The itinerary of change and development is twisted and full of leaps and bounds, making it difficult for attainment of any evident improvement within a specific time span especially in a dog-eat-dog ‘SOMU’ society.
Egocentrism and vested interests play part where artifice, dexterous and good political will ought to; hampering benevolence and leadership passion meant to bring forth development, improvements and attainment of the all-along-been-cried-for CHANGE.
One wonders what happened to the ‘comrade unison’ because what exists currently in our varsity is more or less a dog tag! There is evident stagnation of almost everything apart from the continuity of sufferance in silence and reception of less quality services; which parallel with vast prowess of poor performance and shoddy delivery by the SOMU officials who, are heavily dented by the bureaucracy.

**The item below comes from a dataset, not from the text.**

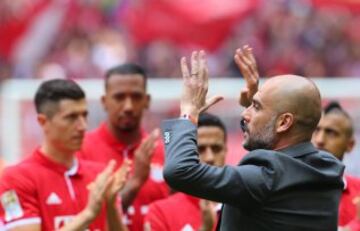 El Bayern homenajea a Guardiola tras ganar la Bundesliga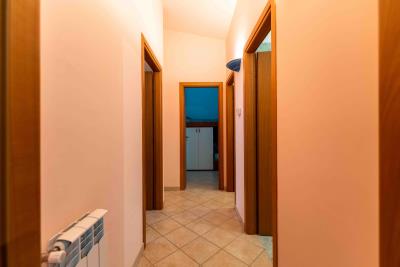 V584Spazionso-e-Luminoso-appartamento-Cefa--17-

They ought to admit the mea culpa in their capacity for no one needs to be a rocket scientist to deduce what a child’s brain change ought to be pro bono, subject to vindication of its existence in the first place!
Mohandas Gandhi’s said, ‘Be the change you wish to see.’ This definitely reiterates importance of togetherness among like-minded individuals yearning to transform the society through stopping to preach ‘CHANGE’, and act the course for it!

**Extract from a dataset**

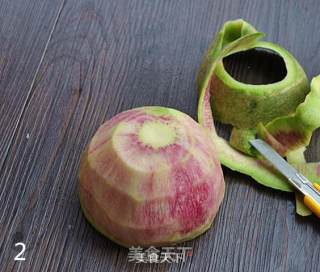 雕刻萝卜花让你的菜肴锦上添花的做法步骤：2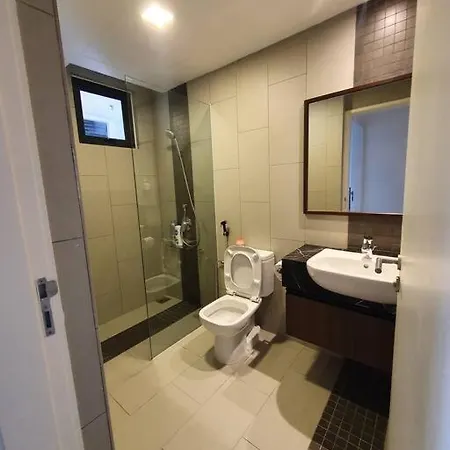 The Landmark By Katana New 3Br Grand Seaview Homestay At Gurney 无敌海景三房套房 Tanjung Bungah  Exterior photo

Solidarity is very important in asserting influences we cannot initiate as individuals since in unison, we are heard – and our voices cannot be ignored.
SOMU lacks this backing since there is no stern student back up in push to implement policies that are our priorities.
The three-semester tenure makes the regime vulnerable and susceptible to manipulation hence, no certainty of delivering, as it is predetermined as rite of passage – incinerated with strike-moods due to tension and insatiable needs promised to gunner votes; none of which are addressed promptly.
The toothless individuals in office are there for a stale reputation, fame, and meandrous C.V-making orgy. “After all we came to Maseno for a degree and we shall exit after the four years’ hell-experience,” a fools brain in monologue! We should leave Maseno a better place than we found it.
A question will be directed to you on what improvements in terms of policies or development you did bring during your tenure – NOTHING – apart from your gibberish fat plastic grin and attending conferences spending our money besides your monthly salary- save for banging around!
The academic doctrine designed by the bureaucracy impairs the officials’ vigor rendering them compromised to the verge of losing focus on implementing their manifesto – even a word.
SOMU ought to be INDEPENDENT rather than being a puppet faction that deserves obliteration. This is the only remedy to stop these politics of stagnation where regimes come and pass without any betterment and improvement of students’ welfare!
We need checks and balances, we need a watchdog to monitor whether there is implementation of policies or not.
Lastly, we need clausal provision in the SOMU constitution offering impeachment of lame leadership for better ones.
We need to revolutionize how we manage our affairs if we really want to translate the over-preached ‘CHANGE’ into practical reality – lest stagnation reigns still.
Comrade Unity will uproot Maseno from its mud-stagnation of poor standards as it hastily macerates and retrogresses to ‘crumble’.
Let us unite to demand for checks and balances; though i have a feeling there should be an officiated independent and vibrant opposition organization to wield pressure on the ruling regime to make them deliver and stop being impertinent puppets of ghost machinery!
Autocracy takes its course when a regime becomes lame! COMRADES WAKE UP AND UNITE, dog days are gone.